The New York Times reports in an article titled “Facebook Is Weaker Than We Knew,” that the recent “Facebook Files” series from the Wall Street Journal, which includes information obtained from leaked internal Facebook documentation, shows that the company is in a much more precarious situation than previously believed.
Breitbart News has reported extensively on the “Facebook Files” series from the Wall Street Journal which made a number of damning claims about the tech giant based on a series of internal company documents.
According to the Wall Street Journal, the internal documents reveal that the tech giant Apple threatened to remove Facebook from its App Store in 2019 following a report from BBC News that detailed the human trafficking taking place across the social media platform.
In another report titled “Facebook Knows Instagram Is Toxic for Teen Girls, Company Documents Show,” the Wall Street Journal claims that Facebook is aware that its photo-sharing app Instagram can have a negative effect on the body image of young women.
The Times claims that one way to view the leaks is that Facebook is a tech giant willing to disregard its damage to society in order to generate profit.
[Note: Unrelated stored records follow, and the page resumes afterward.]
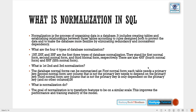First Normal Form (1NF): each column in the database should be atomic — no multiple values separated within a column. The table should not contain any repeating columns, each record should be identified uniquely using a primary key, and all duplicate columns should be removed. In 1NF, related data is placed in separate tables with a unique identifying column.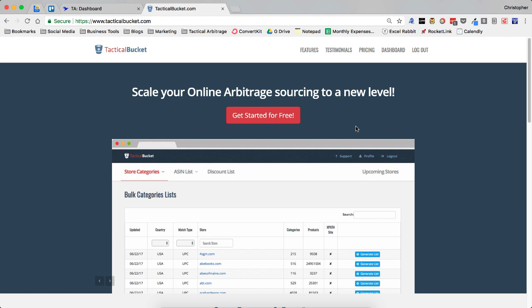What is up YouTube? It's Chris Grant with cleartheshelf.com and in today's tactical bucket tutorial video, we're going to be talking about how to subscribe to an XPath and get that uploaded to your tactical arbitrage account. All right, let's dig in.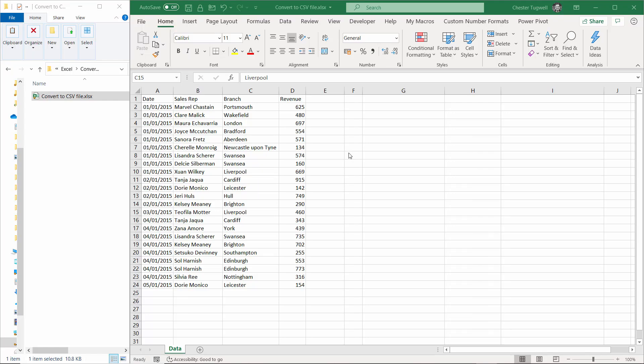Hi, it's Chester Tugwell at Blue Pecan Computer Training, and in this video I want to show you how to convert an Excel file into a CSV file.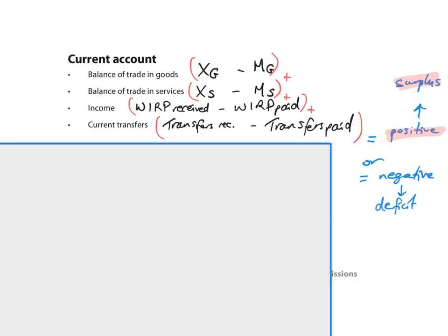If the balance, the final balance is negative, we say there's a current account deficit. So that means there's more money flowing out of the country or being paid to overseas countries for these things than there is flowing into the country.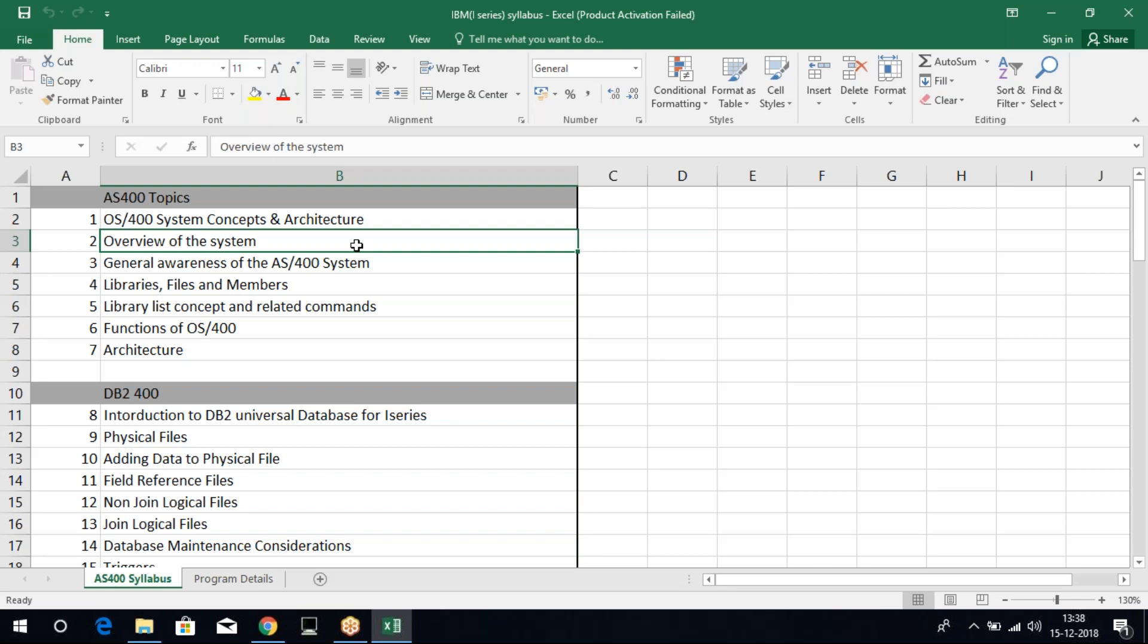Regarding the syllabus content, what all AS400 has. AS400 has a DB2 database. In many languages like Oracle, Java, all these languages will have a database. Similarly, AS400 also has DB2 400, that is the database where we write SQL queries, where we access different files in the systems. That is your DB2 400.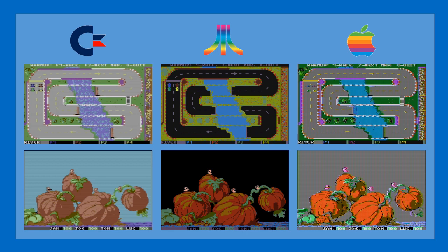Hi guys! In this video I'm going to take you through a quick overview of the upcoming 8bit Unity Software Development Kit, which will allow you to develop simple games for the Commodore 64, the Atari 8bit line, as well as the Apple II.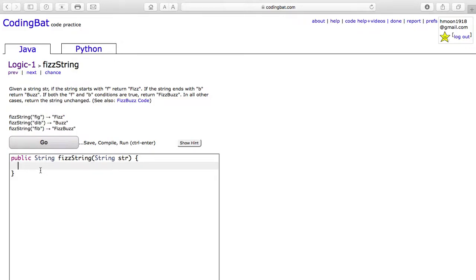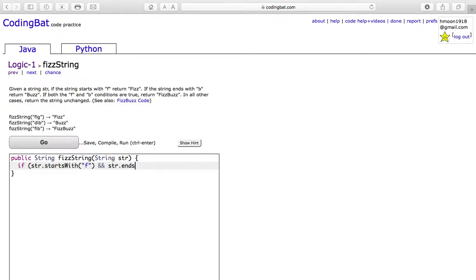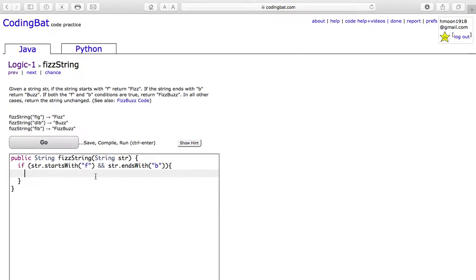So, we are going to start when it both starts with f and ends with b. So, str.starts with f and str.ends with b. In this case, we will return the whole word fizz bus.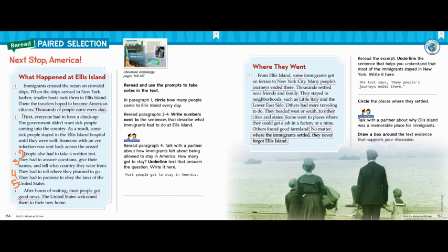All right, boys and girls, it was a lot of fun digging deeper into our paired selection, Next Stop America. I've really enjoyed reading all these texts about how immigrants came to the United States. One of the things I learned was that immigrating can be very difficult, but in the end, it's all worth it. I hope you have enjoyed these texts as well. Thanks for watching and bye for now.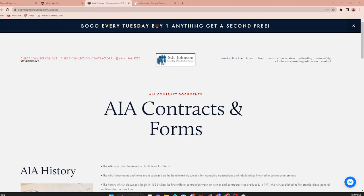Hey everyone, I hope your week is going well. This is Stacy with SF Johnson Consulting and Construction Services. I wanted to give you a little information that I'm not sure everybody knows about, but it is very informative. If you are a contractor and you do work on a regular basis with general contractors, this is good information to have. This video is going to be on the AIA contracts and forms that are used.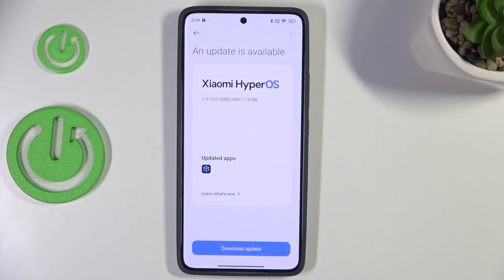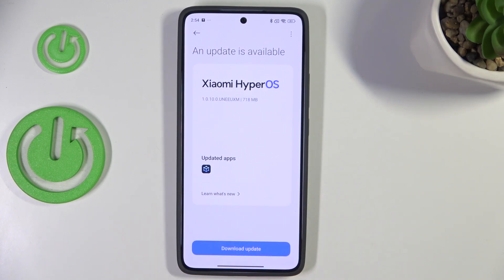The first scenario is where your device will show you a new update. It will show you information about it — what has been fixed and what has been added. You can check it by tapping on Learn What's New, and then tap on Download Update to update the system.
But another way to view the leaks is that Facebook is in major trouble.
Kevin Roose writes for the New York Times:
Not financial trouble, or legal trouble, or even senators-yelling-at-Mark-Zuckerberg trouble. What I’m talking about is a kind of slow, steady decline that anyone who has ever seen a dying company up close can recognize. It’s a cloud of existential dread that hangs over an organization whose best days are behind it, influencing every managerial priority and product decision and leading to increasingly desperate attempts to find a way out. This kind of decline is not necessarily visible from the outside, but insiders see a hundred small, disquieting signs of it every day — user-hostile growth hacks, frenetic pivots, executive paranoia, the gradual attrition of talented colleagues.
It has become fashionable among Facebook critics to emphasize the company’s size and dominance while bashing its missteps. In a Senate hearing on Thursday, lawmakers grilled Antigone Davis, Facebook’s global head of safety, with questions about the company’s addictive product design and the influence it has over its billions of users. Many of the questions to Ms. Davis were hostile, but as with most Big Tech hearings, there was an odd sort of deference in the air, as if the lawmakers were asking: Hey, Godzilla, would you please stop stomping on Tokyo?
But if these leaked documents proved anything, it is how un-Godzilla-like Facebook feels. Internally, the company worries that it is losing power and influence, not gaining it, and its own research shows that many of its products aren’t thriving organically. Instead, it is going to increasingly extreme lengths to improve its toxic image, and to stop users from abandoning its apps in favor of more compelling alternatives.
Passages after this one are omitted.